● Problem:
From the data that follows, print exactly the lines starting at the one containing "Black evening gown" and ending at the one containing "A woman is experiencing post-pregnancy pain"; include both of them and nothing more.

● Provided records:
============
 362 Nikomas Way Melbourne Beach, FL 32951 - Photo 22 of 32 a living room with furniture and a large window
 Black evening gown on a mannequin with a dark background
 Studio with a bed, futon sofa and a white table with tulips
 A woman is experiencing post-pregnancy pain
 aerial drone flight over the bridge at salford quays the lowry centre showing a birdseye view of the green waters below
============
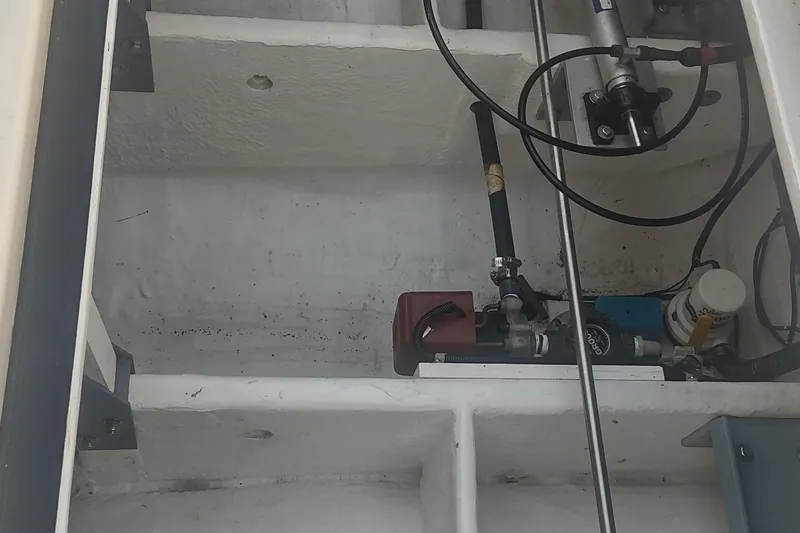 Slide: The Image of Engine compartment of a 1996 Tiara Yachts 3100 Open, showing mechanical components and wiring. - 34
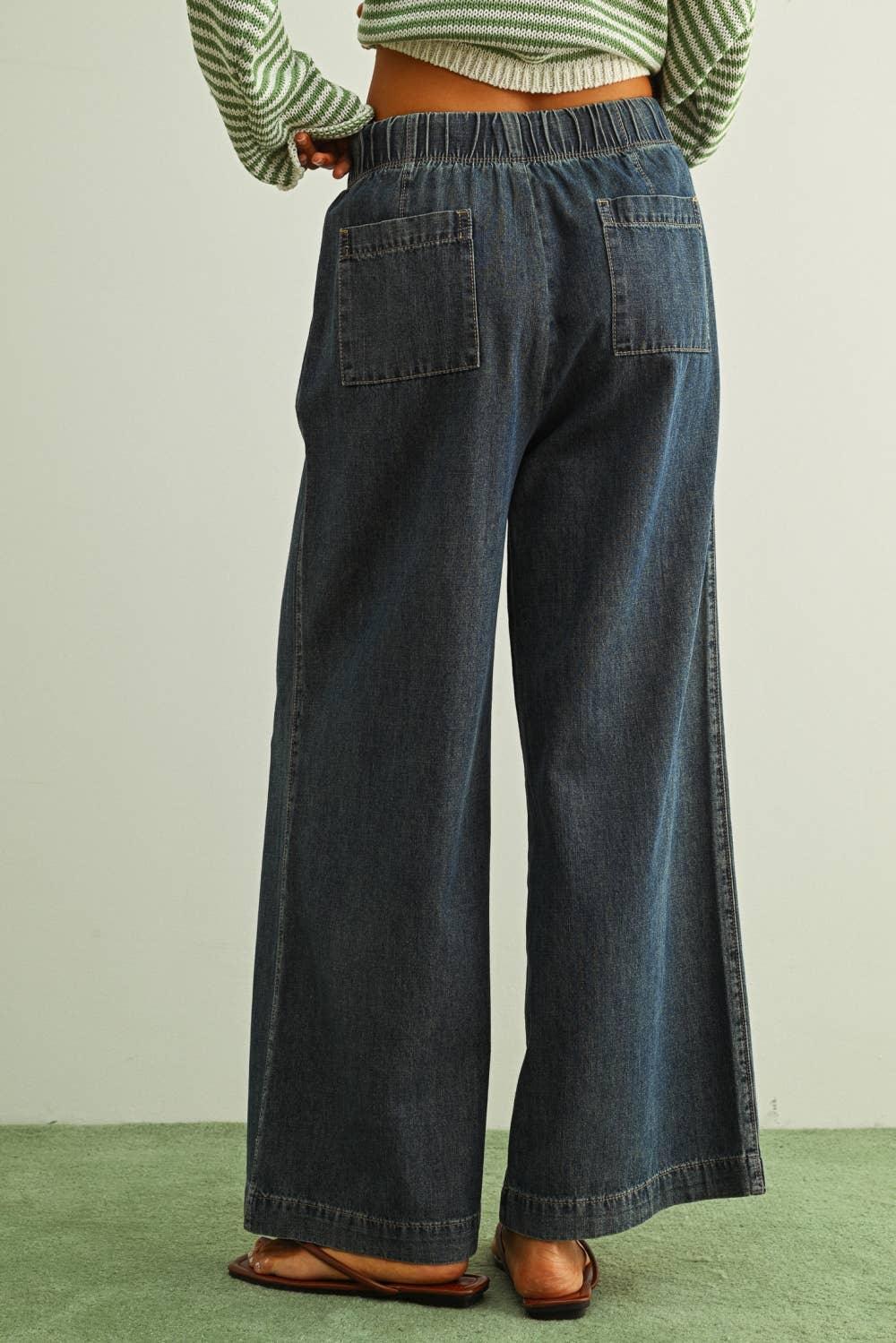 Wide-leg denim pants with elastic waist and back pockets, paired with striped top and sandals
============
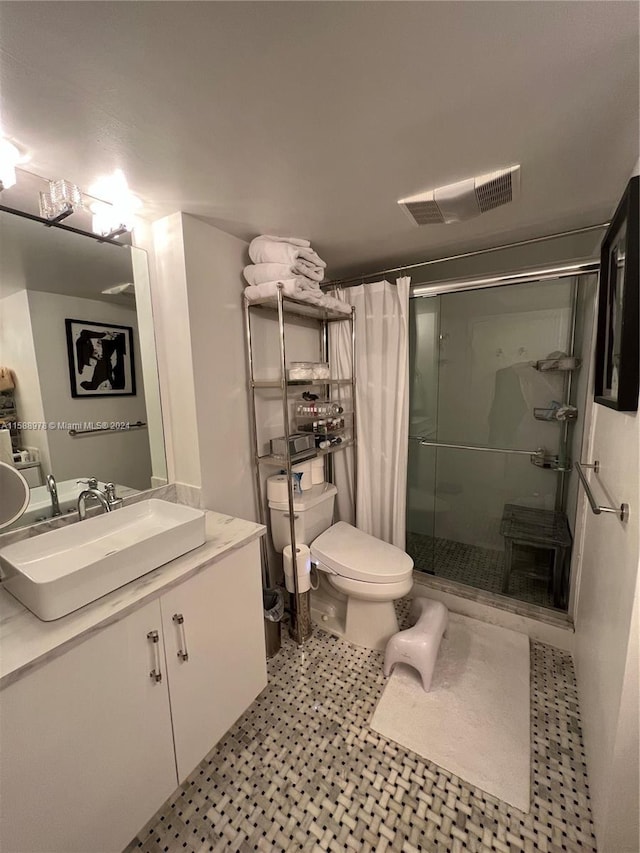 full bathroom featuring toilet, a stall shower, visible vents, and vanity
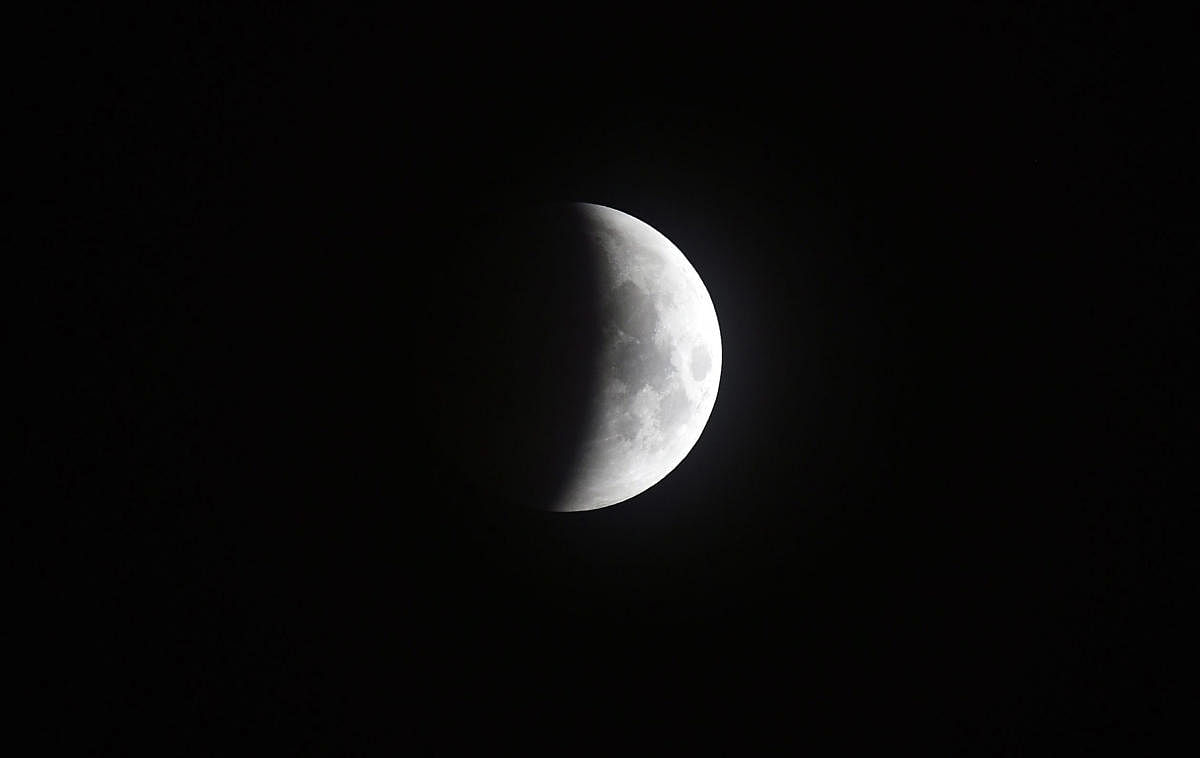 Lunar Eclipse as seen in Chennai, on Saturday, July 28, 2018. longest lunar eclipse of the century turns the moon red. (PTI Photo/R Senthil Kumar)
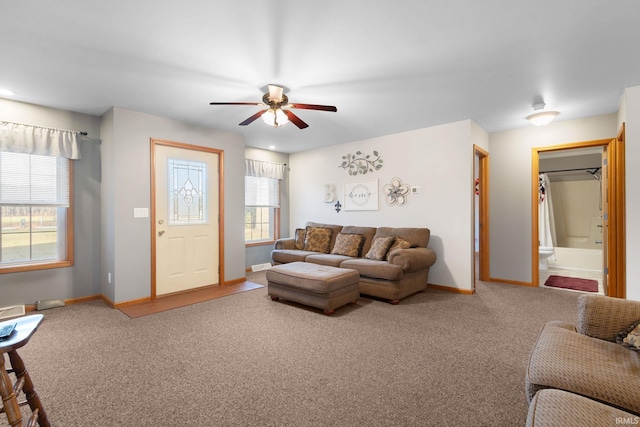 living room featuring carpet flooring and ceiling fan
============
● Result of the exercise:
 Black evening gown on a mannequin with a dark background
 Studio with a bed, futon sofa and a white table with tulips
 A woman is experiencing post-pregnancy pain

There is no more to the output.